Produce a word-for-word copy of the lines from the one that contains "Pisoshare High Quality" to the final line of the data below, with all pictures dropped.

:: Scraped caption text data ::
↓↓↓

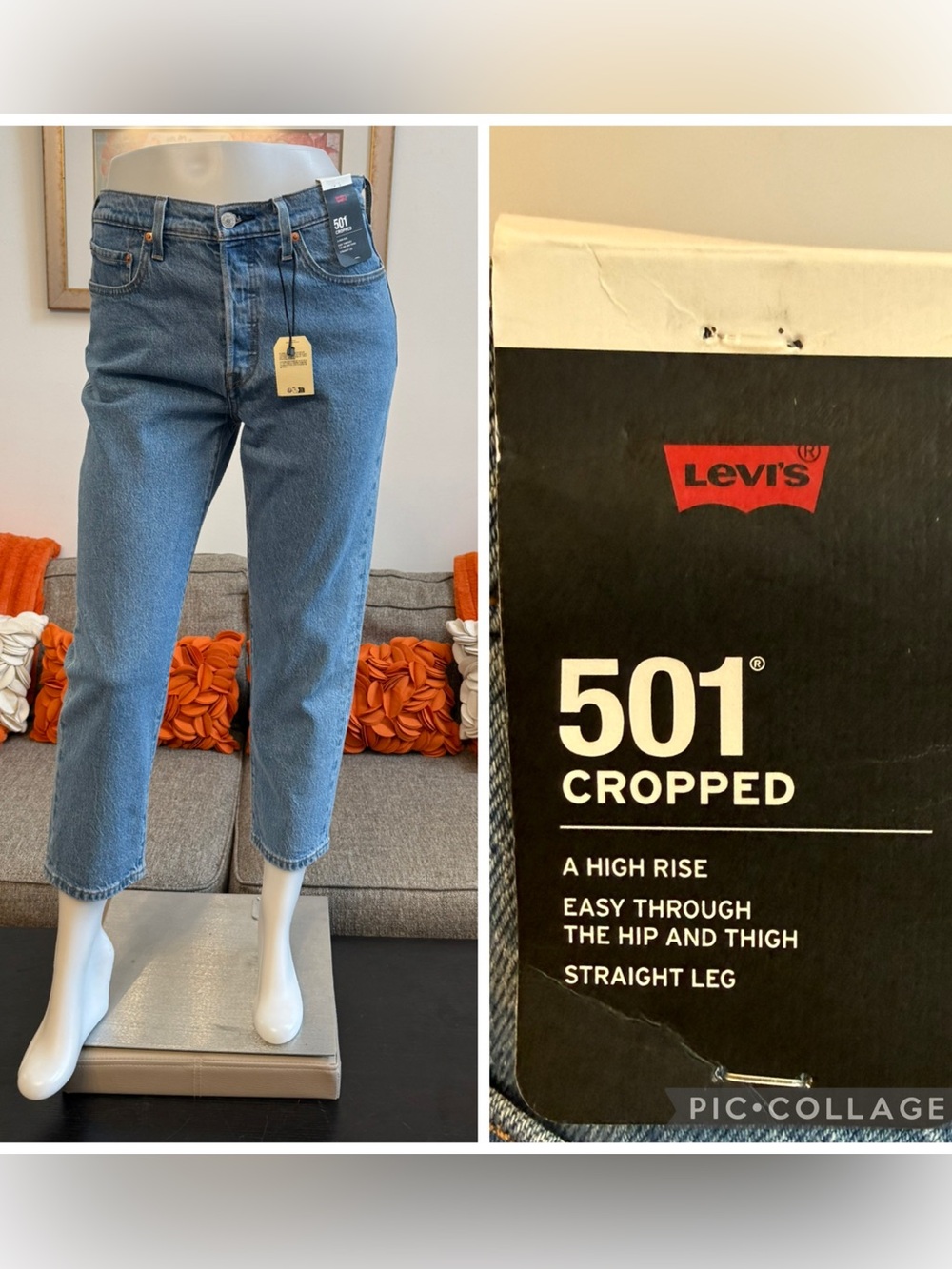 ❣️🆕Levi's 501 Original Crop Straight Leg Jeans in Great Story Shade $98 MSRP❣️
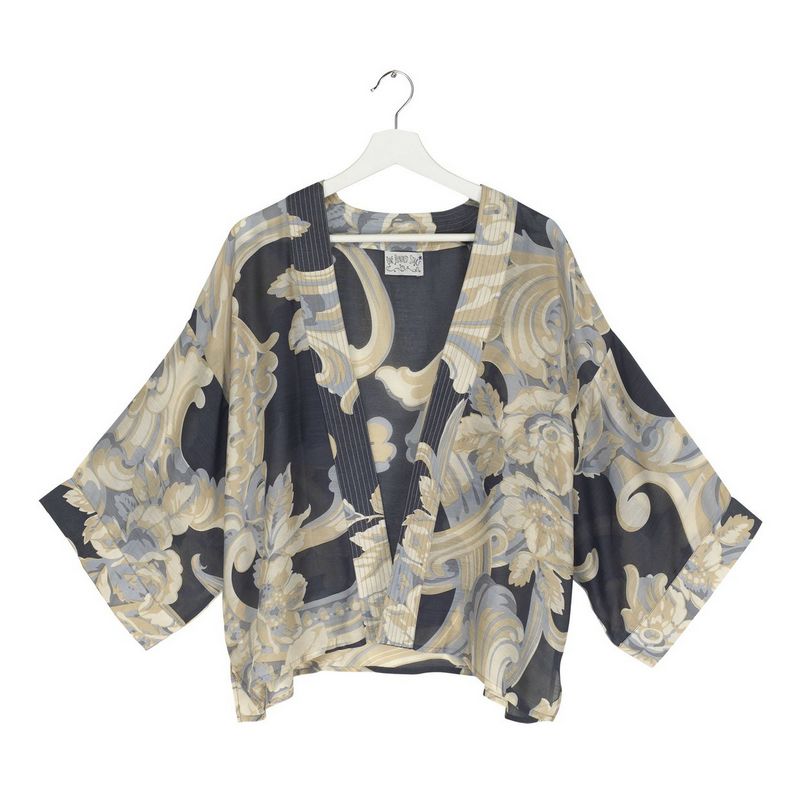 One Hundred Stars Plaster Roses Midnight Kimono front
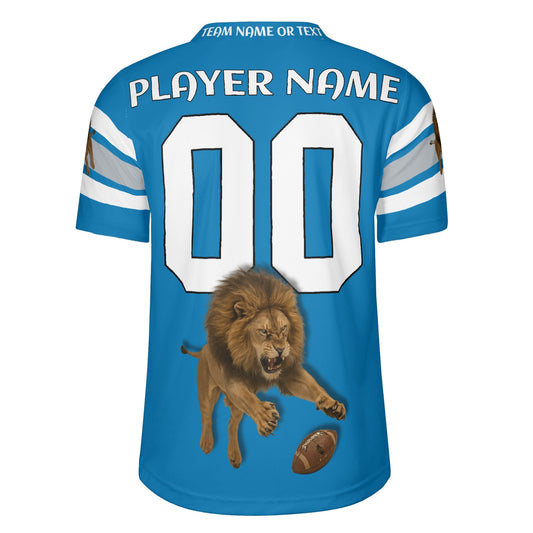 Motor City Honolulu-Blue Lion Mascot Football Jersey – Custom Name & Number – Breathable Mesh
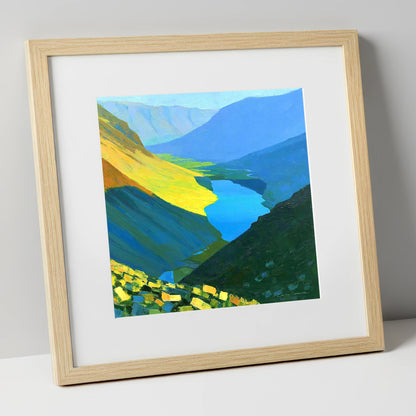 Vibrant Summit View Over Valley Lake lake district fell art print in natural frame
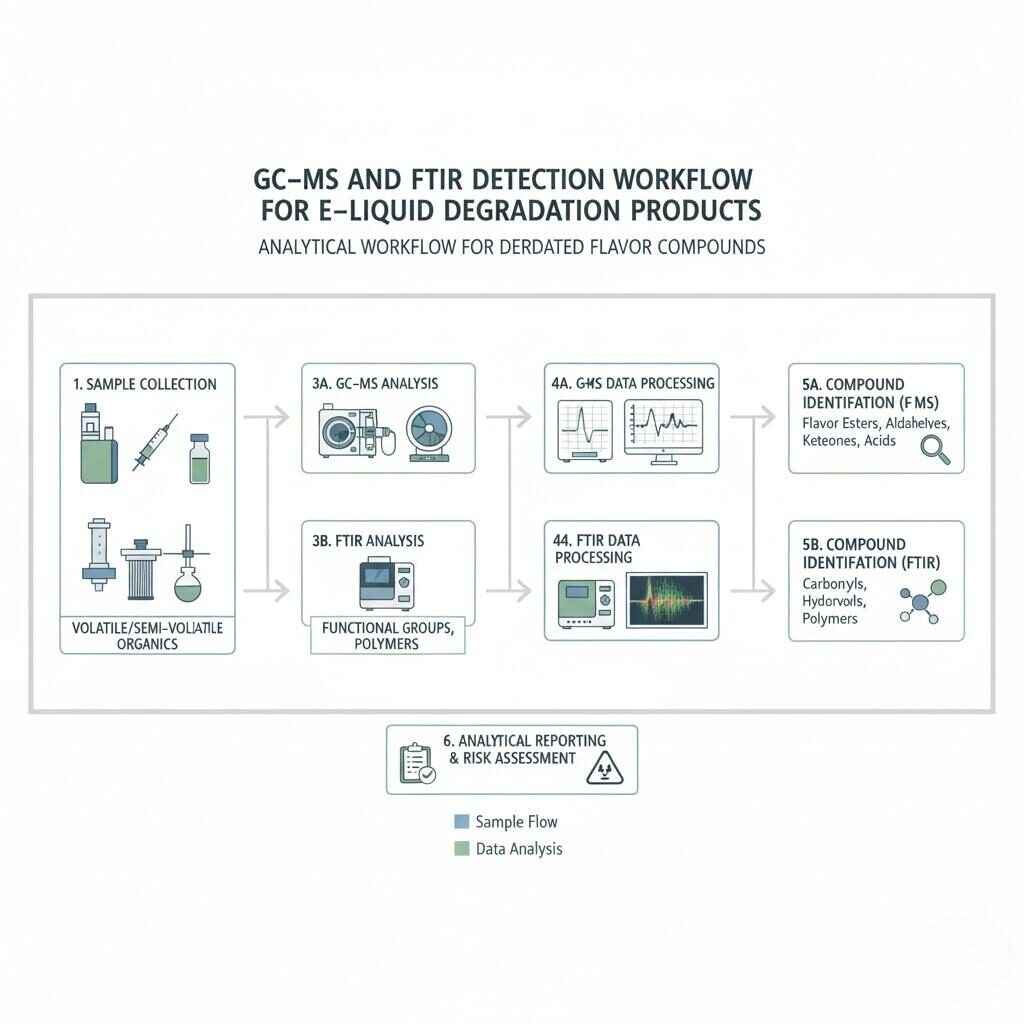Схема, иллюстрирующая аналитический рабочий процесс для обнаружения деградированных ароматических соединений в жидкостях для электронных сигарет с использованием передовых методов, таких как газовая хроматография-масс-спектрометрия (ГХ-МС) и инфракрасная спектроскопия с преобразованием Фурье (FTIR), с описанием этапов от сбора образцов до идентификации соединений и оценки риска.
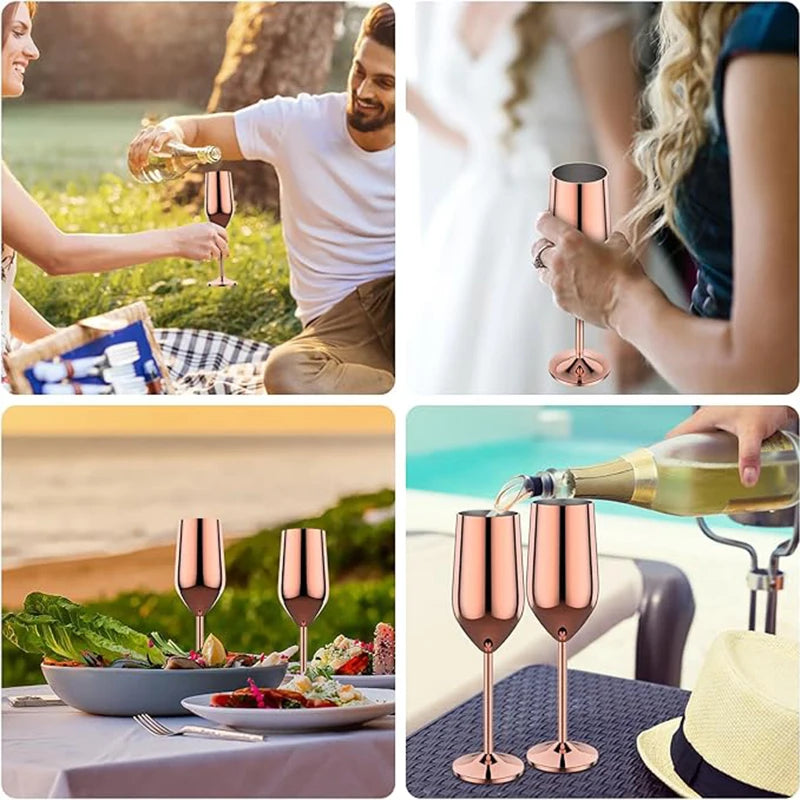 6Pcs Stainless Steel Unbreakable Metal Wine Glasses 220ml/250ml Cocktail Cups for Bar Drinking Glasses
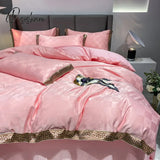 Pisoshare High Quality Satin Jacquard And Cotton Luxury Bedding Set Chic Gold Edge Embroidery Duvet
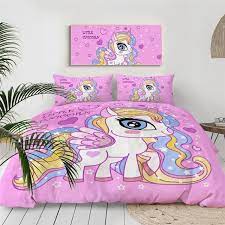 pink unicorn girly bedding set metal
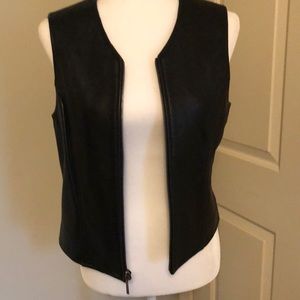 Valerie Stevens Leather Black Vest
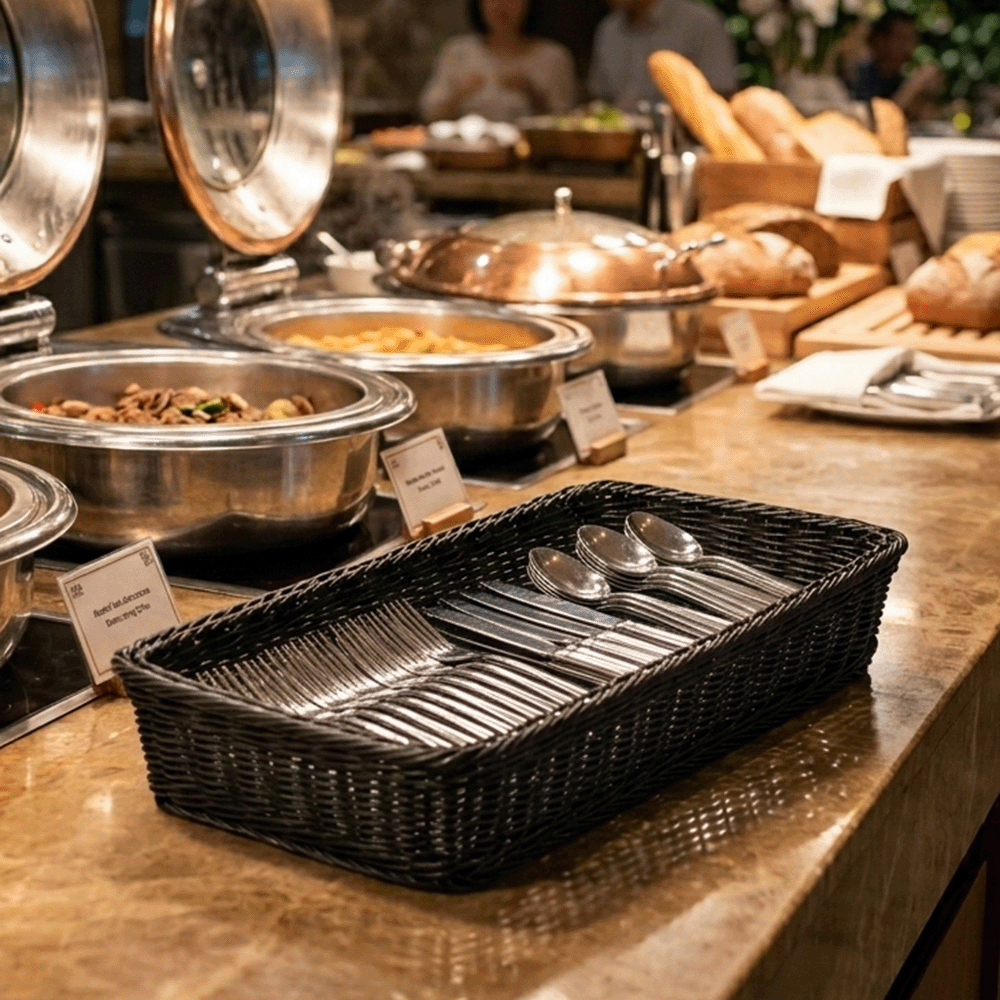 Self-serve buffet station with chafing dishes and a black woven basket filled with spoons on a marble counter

↑↑↑

:: WRITTEN RESPONSE ::
 Pisoshare High Quality Satin Jacquard And Cotton Luxury Bedding Set Chic Gold Edge Embroidery Duvet
 pink unicorn girly bedding set metal
 Valerie Stevens Leather Black Vest
 Self-serve buffet station with chafing dishes and a black woven basket filled with spoons on a marble counter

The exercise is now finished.